* [Data shown]:

━━━━━━

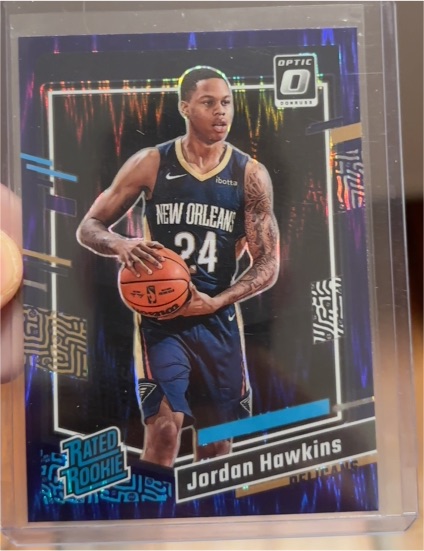 2023-24 Donruss Optic #238 Jordan Hawkins — front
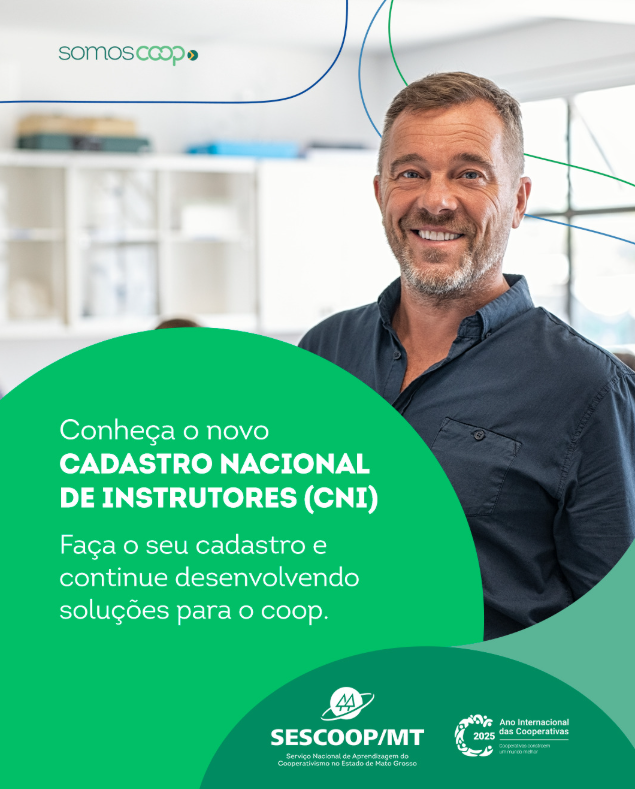 Cadastro de instrutores agora é 100% online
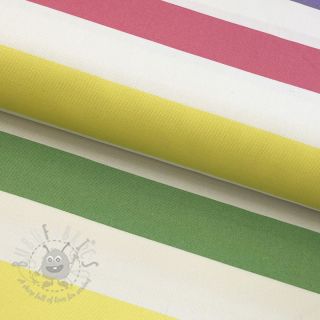 Tkanina dekoracyjna Stripes multicolour design C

━━━━━━

* [Exercise instructions]:
Where a picture appears, skip it; repeat everything else in the data exactly.

* [Solution to this problem]:
 2023-24 Donruss Optic #238 Jordan Hawkins — front
 Cadastro de instrutores agora é 100% online
 Tkanina dekoracyjna Stripes multicolour design C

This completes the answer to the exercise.